The new system creates a break for single parents, who will pay a single adult rate of $78 a month instead of the current rate of $150 charged for a family of three. A single senior or single parent with one child and an income of $45,000 may also be eligible for reduced premiums.
The changes will reduce rates for an additional 335,000 people, and 45,000 more people will be exempted from paying as long as they are registered and qualify. But rates overall continue to rise. With a four per cent increase in personal rate this year and growing population, the government expects to collect more MSP each year of its three-year budget plan than with the current system.
B.C. is the only province that charges premiums for health services, and the NDP opposition has called for them to be eliminated as a regressive tax. De Jong argues that MSP covers only 14 per cent of a growing health care budget, and eliminating it would amount to hiding the cost in the general tax system.
Prosperity fund gets seed money
With liquefied natural gas export projects delayed, Premier Christy Clark’s promise of a “B.C. Prosperity Fund” has been launched with $100 million from the current budget surplus.
The fund was touted in the 2013 election as a way to pay off debt starting in 2017, and reduce or even eliminate B.C.’s sales tax with revenues from five LNG plants. But with a glut of oil and gas internationally, no major project is expected to be under construction by the 2017 election.
Including the fund in his 2016-17 budget, Finance Minister Mike de Jong said most people would agree with “the notion that we would take a modest amount of money out of our chequing account and put it in our savings account.”
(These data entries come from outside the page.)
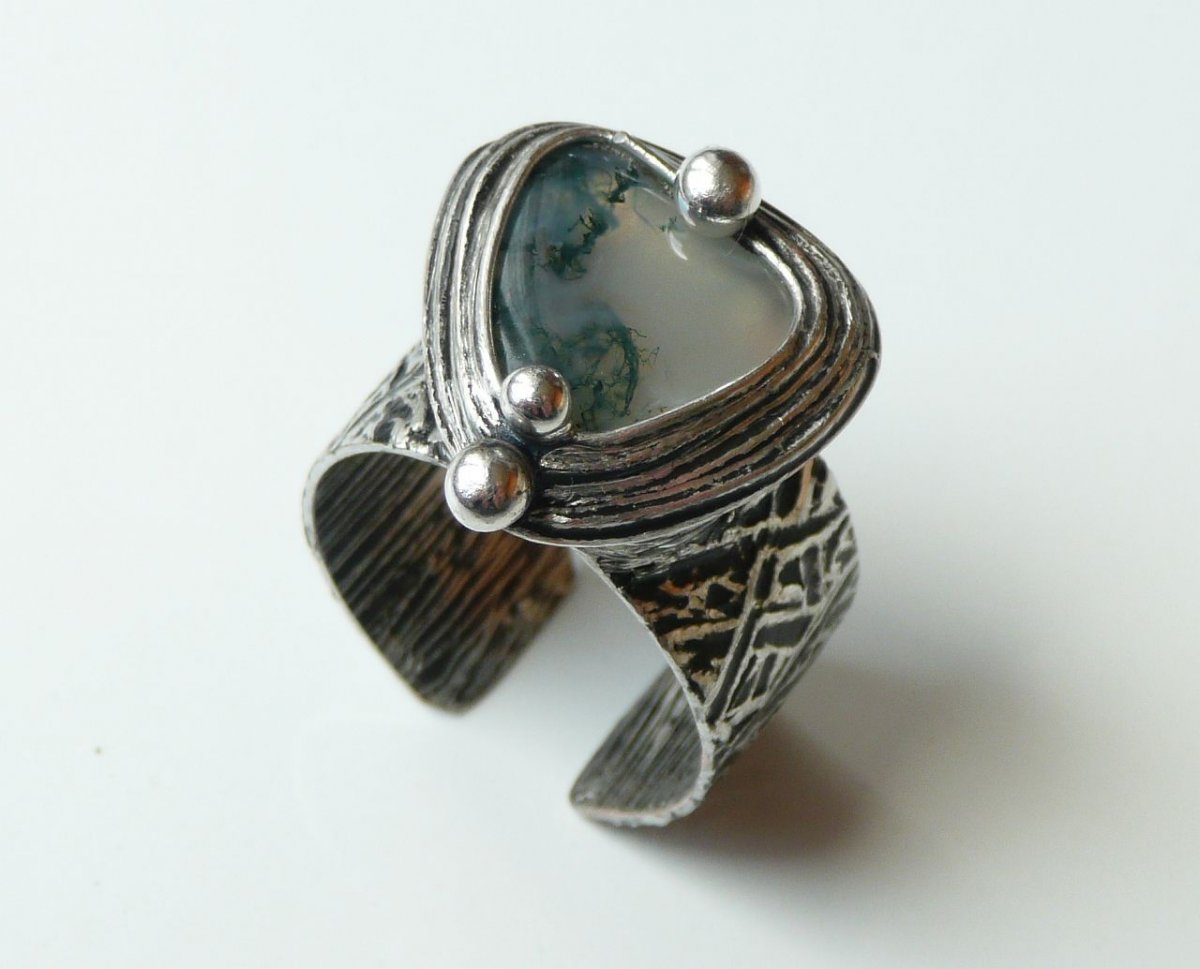 Z mechu a kapradí .. ( mechový achát )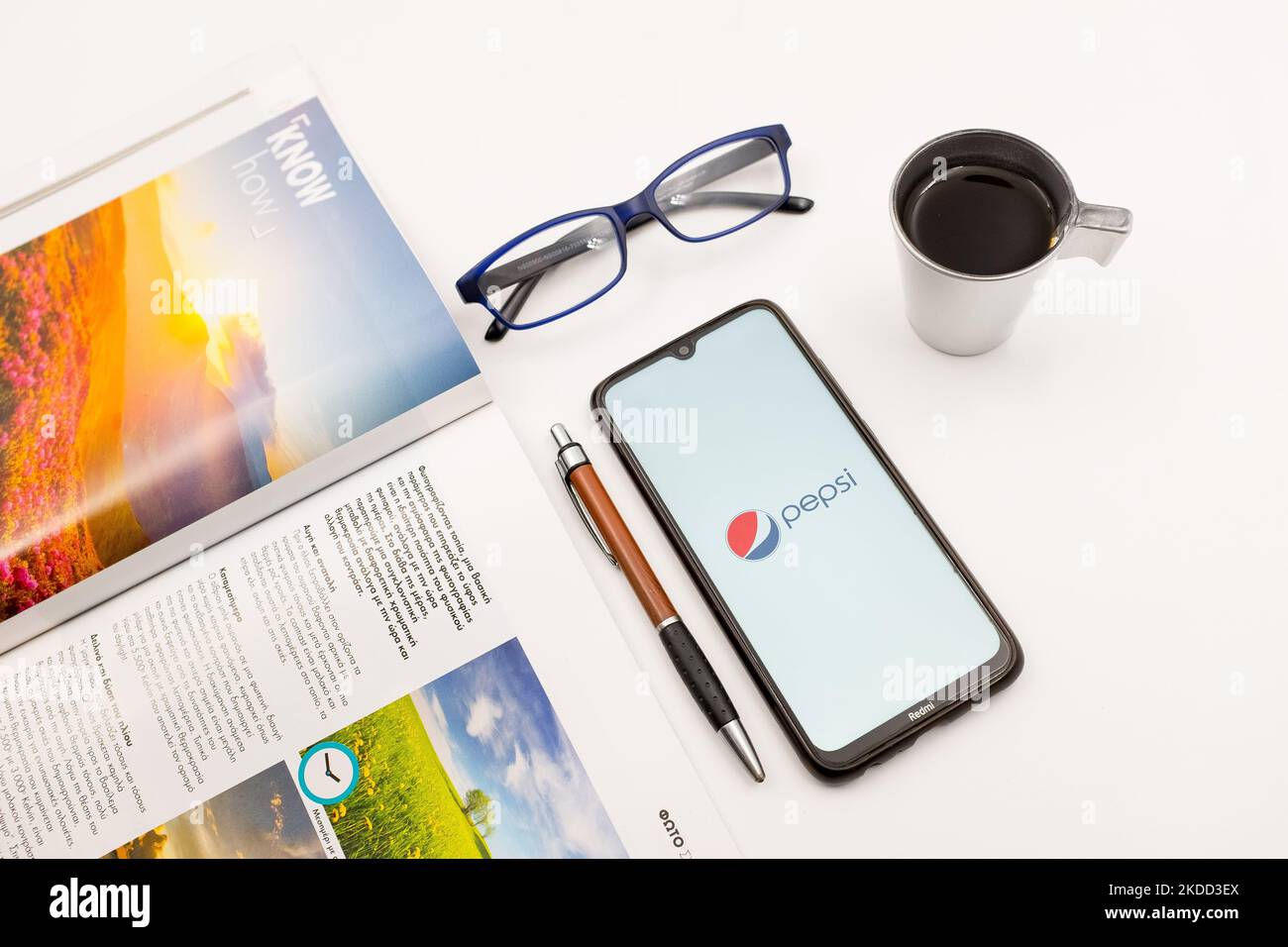 In this photo illustration a Kuaishou (Kwai) logo is seen on a smartphone  and a pc screen. (Photo by Pavlo Gonchar / SOPA Images/Sipa USA Stock Photo  - Alamy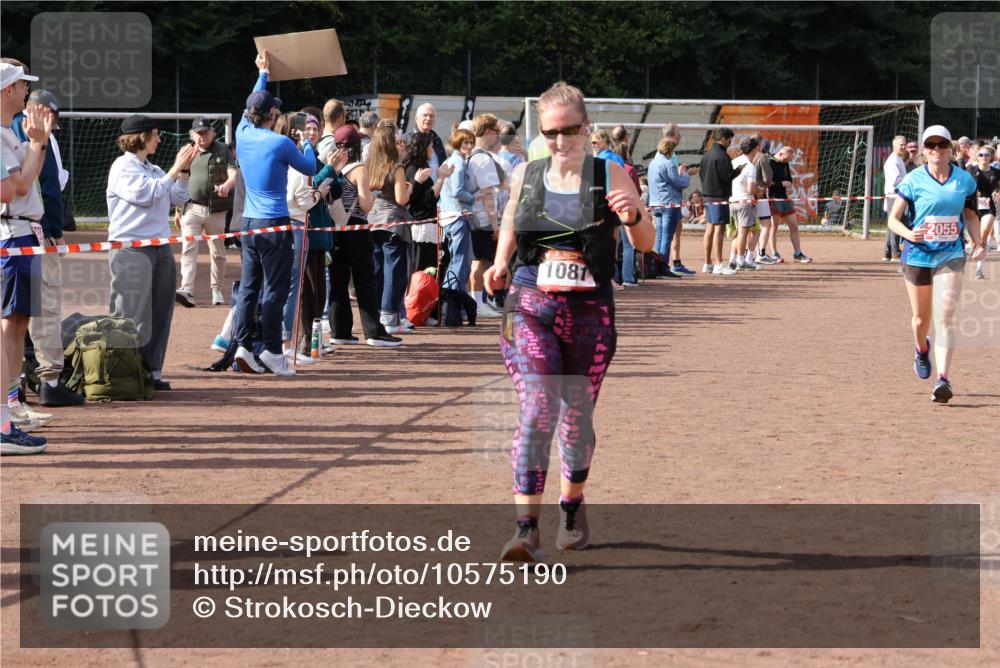 27.09.2026 - 35. Volkslauf durch das schöne Alstertal Strokosch-Dieckow http://msf.ph/oto/10575190 27.09.2026 12:29:35 Ziel 1081, 2055 meine-sportfotos.de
The finance ministry expects a surplus of $377 million at the end of the current fiscal year and $264 million in the fiscal year that begins April 1.
The prosperity fund is restricted to a minimum 50 per cent to pay down debt, 25 per cent saved to earn interest and the rest available to spend on health care, transportation and other government functions.
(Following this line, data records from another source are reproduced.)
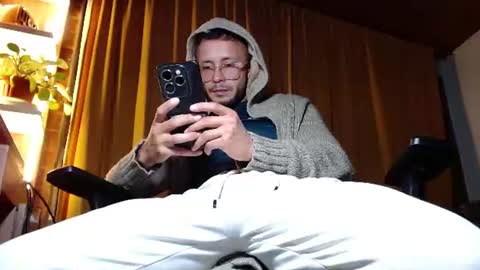 Snapshot of sebastian_025 chatting on 06/11/26, 04:54 Sebastian online show from 06/11/26, 04:54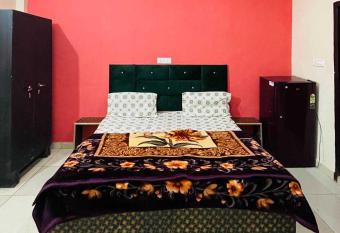 Super OYO 81157G Amy Inn allows 18 year olds to book a room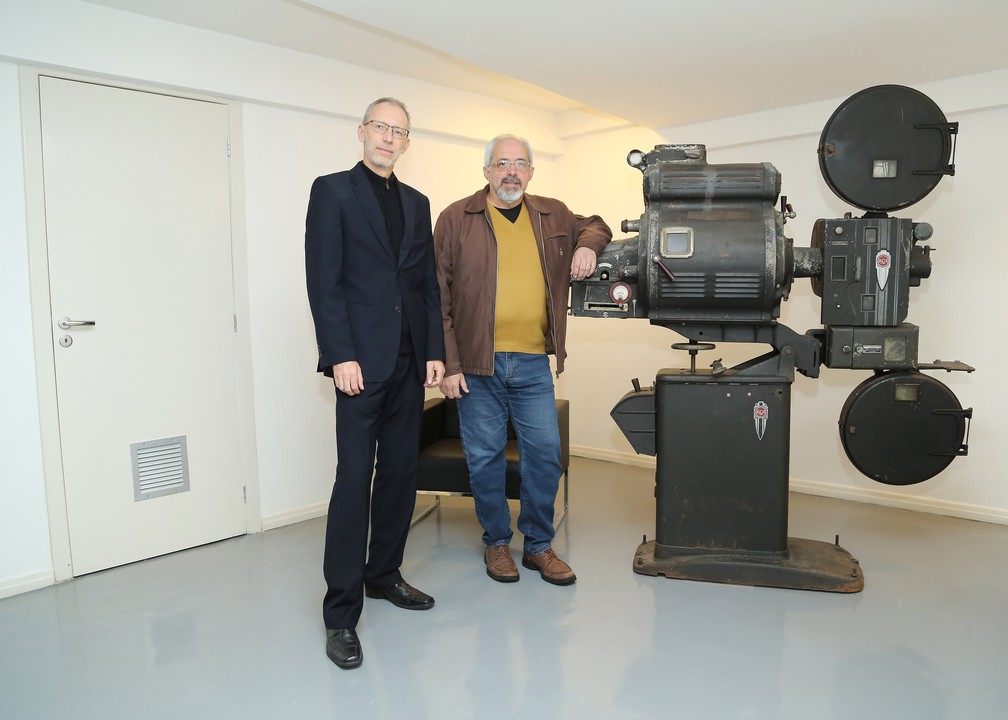 Curadores do Cine Passeio, Marcos Jorge e Marden Machado, ressaltam que o espaço valoriza o cinema e a cultura curitibana — Foto: Giuliano Gomes/PRPress
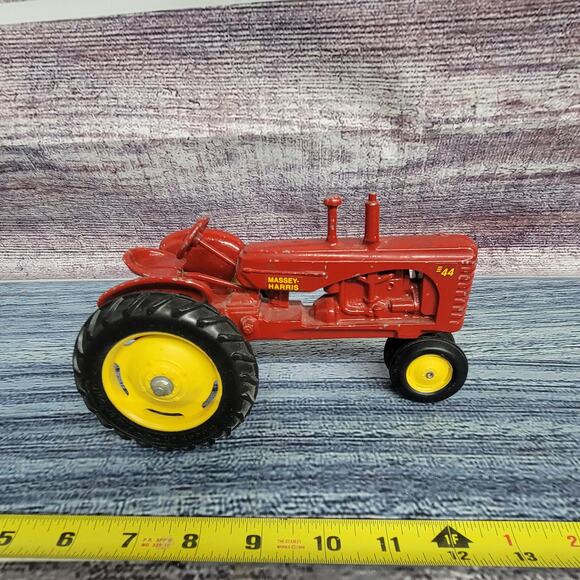 Vtg 1985 scale models 1/16 scale Massey Harris model 44 diecast n/front tractor - Picture 8 of 13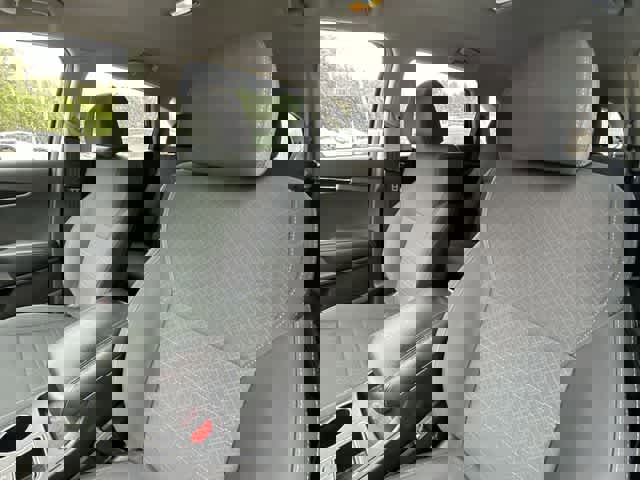 Used 2018 Kia Sorento LX image 14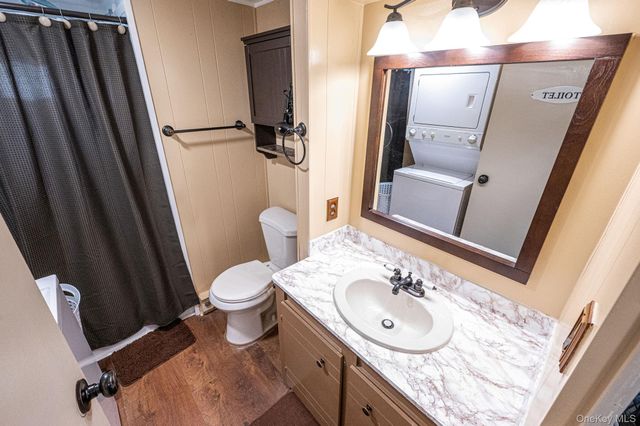 525 Riverleigh Avenue 29, Riverhead, NY 11901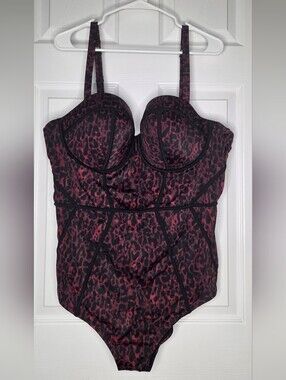 Torrid Slim Fix Leopard Underwire One Piece Swimsuit Size 3x Like New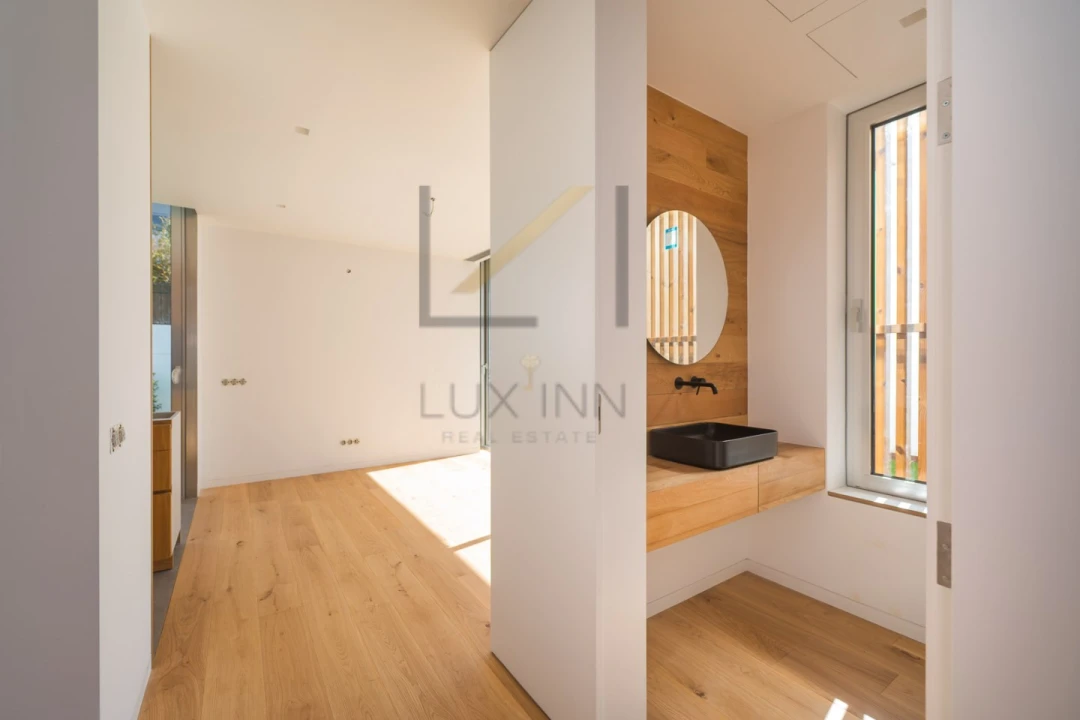 Moradia T4 para Venda em São Domingos de Rana Foto 26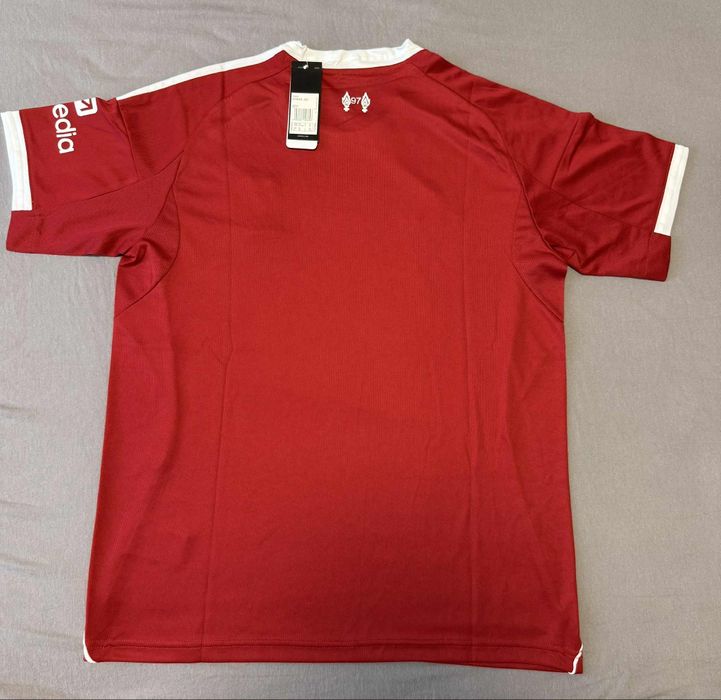 Футболни екипи на Liverpool. Екипите са от сезон 2025/2026.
Disability benefits up $77 for some
Income assistance payments for people with disabilities are to increase up to $77 per month effective Sept. 1, but transit passes will no longer be covered.
Bus passes have only been provided for some regions of the province, an unfair situation for those who can’t take advantage of transit, said Finance Minister Mike de Jong. The increase will be across the board and recipients can choose for themselves if they use it for transit or other needs.
The B.C. Liberal government has resisted calls for an increase in the general social assistance rate, but has ended the clawback of child support payments to single parents.
Since 2012 the government has moved to encourage income assistance recipients to work, allowing earnings up to $200 a month without losing benefits for those who file tax returns.
People on disability assistance can retain up to $800 a month, up from $500 in 2012.